[[ Dataset excerpts open ]]

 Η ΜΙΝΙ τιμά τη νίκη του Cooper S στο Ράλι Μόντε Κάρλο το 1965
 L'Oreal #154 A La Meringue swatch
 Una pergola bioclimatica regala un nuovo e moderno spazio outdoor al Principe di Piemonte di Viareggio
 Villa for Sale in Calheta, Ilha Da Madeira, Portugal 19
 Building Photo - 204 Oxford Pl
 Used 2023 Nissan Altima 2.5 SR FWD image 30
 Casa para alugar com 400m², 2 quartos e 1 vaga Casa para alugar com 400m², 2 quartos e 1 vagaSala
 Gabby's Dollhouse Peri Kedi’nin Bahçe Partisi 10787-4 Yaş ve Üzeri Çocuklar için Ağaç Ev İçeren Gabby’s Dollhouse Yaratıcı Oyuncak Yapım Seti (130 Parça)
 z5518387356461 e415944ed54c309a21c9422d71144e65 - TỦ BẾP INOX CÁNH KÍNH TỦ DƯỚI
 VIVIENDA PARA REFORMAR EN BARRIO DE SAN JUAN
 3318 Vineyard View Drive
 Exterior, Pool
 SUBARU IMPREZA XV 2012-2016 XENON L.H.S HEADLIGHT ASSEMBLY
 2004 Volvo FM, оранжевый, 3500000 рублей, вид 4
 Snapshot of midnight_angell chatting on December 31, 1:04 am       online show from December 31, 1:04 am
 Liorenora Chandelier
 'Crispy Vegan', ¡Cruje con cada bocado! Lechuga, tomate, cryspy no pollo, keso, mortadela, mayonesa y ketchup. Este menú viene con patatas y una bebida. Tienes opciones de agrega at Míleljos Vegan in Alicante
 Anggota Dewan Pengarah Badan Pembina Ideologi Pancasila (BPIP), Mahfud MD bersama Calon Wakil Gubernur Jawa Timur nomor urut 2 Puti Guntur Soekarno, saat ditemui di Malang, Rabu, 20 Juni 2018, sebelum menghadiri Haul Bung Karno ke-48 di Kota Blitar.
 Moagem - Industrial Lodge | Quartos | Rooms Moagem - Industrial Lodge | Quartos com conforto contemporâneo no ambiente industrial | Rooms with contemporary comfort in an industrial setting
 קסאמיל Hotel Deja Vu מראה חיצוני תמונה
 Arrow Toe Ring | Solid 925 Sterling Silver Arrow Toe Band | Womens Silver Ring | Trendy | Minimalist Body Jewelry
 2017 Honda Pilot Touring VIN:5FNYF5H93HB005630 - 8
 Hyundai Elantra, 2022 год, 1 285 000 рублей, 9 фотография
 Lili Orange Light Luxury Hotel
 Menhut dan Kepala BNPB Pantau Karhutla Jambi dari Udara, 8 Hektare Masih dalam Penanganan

[[ Dataset excerpts closed ]]

**Exercise details:**
Each line of the records, from the opening one through the line holding "Building Photo - 204 Oxford Pl", should be restated word for word, with nothing else in the answer.

**Written solution:**
 Η ΜΙΝΙ τιμά τη νίκη του Cooper S στο Ράλι Μόντε Κάρλο το 1965
 L'Oreal #154 A La Meringue swatch
 Una pergola bioclimatica regala un nuovo e moderno spazio outdoor al Principe di Piemonte di Viareggio
 Villa for Sale in Calheta, Ilha Da Madeira, Portugal 19
 Building Photo - 204 Oxford Pl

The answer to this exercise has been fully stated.